ふたり。-Triangle Love の果てに

「目を覚ますんだ、真琴。なぜこの人をかばう?」


勢いよくその華奢な手首をつかむ。


その感触が懐かしくて、思わず力が入る。


「離して」


「泰輔兄さんと一緒にいたって、幸せにはなれない。辛い目に遭うだけだよ。ヤクザと付き合ってるだなんて、周りから白い目で見られるに決まってる。不幸になるだけだ」


「そんなのお兄ちゃんが決めることじゃないわ」


「子どもじゃあるまいし、冷静になるんだ」


「お願いだから、放っておいて」


「真琴!どうしたんだよ、一体何を吹き込まれたんだ?」


「泰兄と一生一緒に生きていく、これが私の意思よ」


「一生…?」


嫌な予感がした。


「どういうこと?」


「それは…」


言いよどむ真琴を見かねた泰輔兄さんが、俺たちの間に入った。


「おまえは先に行って車で待ってろ。俺と勇作、ふたりで話をする」


「でも…」と不安げな目で泰輔兄さんと俺を交互に見る真琴。


「大丈夫だ、何も刺し違えようっていうんじゃない。話をするだけだ。あのことも含めて」


そう言って彼はひとつしかない傘を真琴に手渡すと、背中を押した。


彼女はためらいながらも、一歩また一歩とぬかるんだ道を進んでゆく。


何度も振り返るその後姿が見えなくなってから、俺の方から切り出した。


「墓参りだなんて、真琴への点数稼ぎですか。

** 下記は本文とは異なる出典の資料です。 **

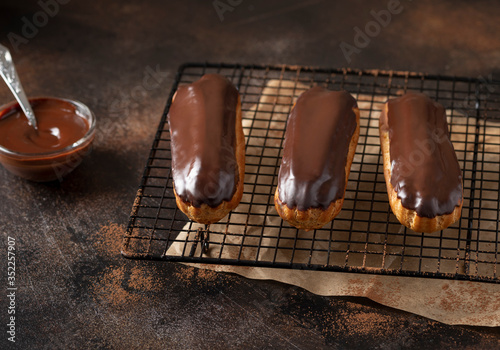 homemade eclairs with cream and chocolate icing on a dark concrete background. chocolate dessert. horizontal image.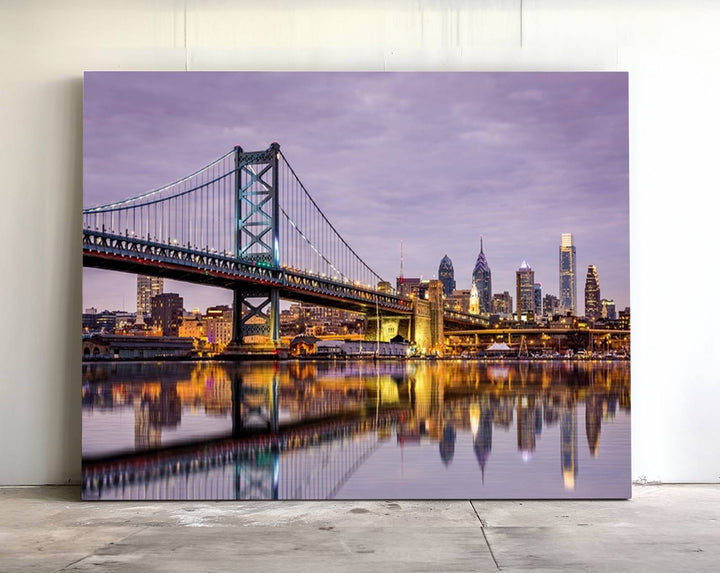 A woman holds the Philadelphia Ben Franklin Bridge Wall Art Canvas Print, a gallery-quality photo showcasing a city skyline with the bridge reflecting on the river. This stunning piece would make an excellent addition as premium canvas wall art for any home.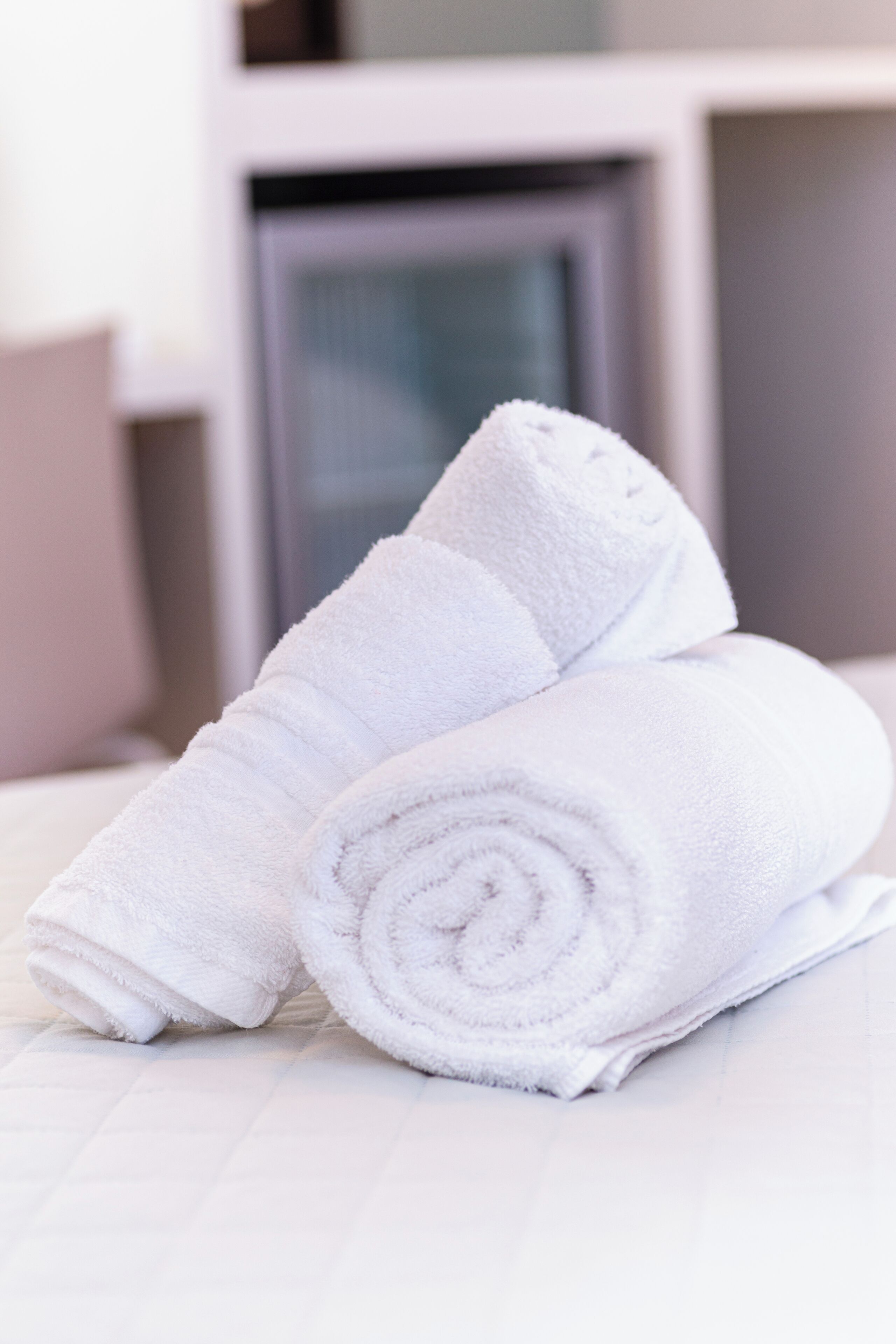 Two neatly rolled white towels on a white bed in a room with a modern design.
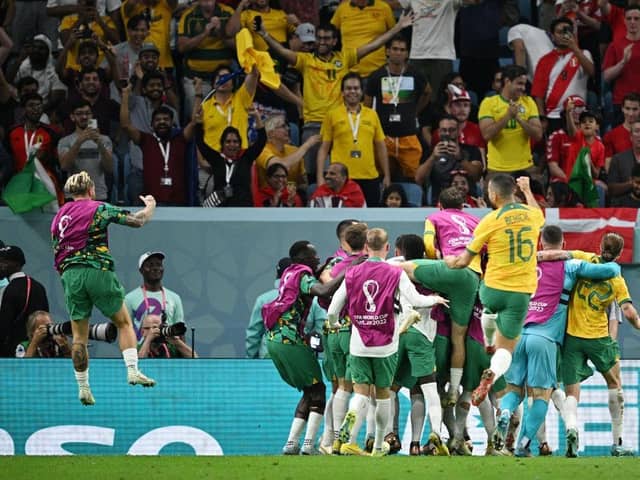 The Australia squad rush to celebrate after Mathew Leckie puts the Socceroos 1-0 up against Denmark in the final World Cup group-stage encounter. Picture: Getty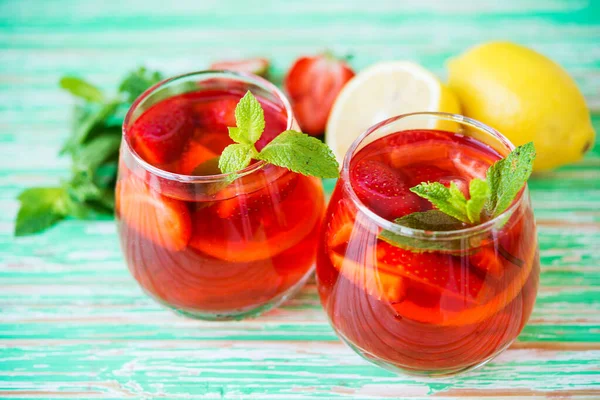 Homemade strawberry lemonade on a rustic background, a refreshing summer drink, selective focus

あいつに『自分だけは違う』、とアピールしたいんでしょう。俺たち家族を不幸に陥れた組織の一員なのに」


みるみるうちに傘を持たない彼の肩を、雨は容赦なく濡らしてゆく。


「おまえがそう思うなら、そう解釈してもらってかまわない」


相変わらず相手の気持ちを逆撫でする言い方だ。


俺は彼をかわして、墓の前に立った。


濡れて色が変わった墓石には「片桐家之墓」と記されている。


血はつながっていなくとも、ここに眠っている人たちは俺の父さんと母さんだ。


どこの誰の子かもわからない、そんな俺を我が子として愛し、慈しんでくれた。


実の子である真琴が生まれてからも、それは決して変わらなかった。


彼らは俺の大切な両親だ!


「真琴は許しても、俺はあなたたちを絶対に許しませんよ」


ふぅ…と背後で息をつく泰輔兄さん。


「わかってる」それだけ言って、もうひとつ大きな息をついた。


「勇作、話しておきたいことがある」


「何ですか、早く言ってください。どうせ気分のいい話じゃなさそうですから」


サァ…と細い雨音が辺りを包む。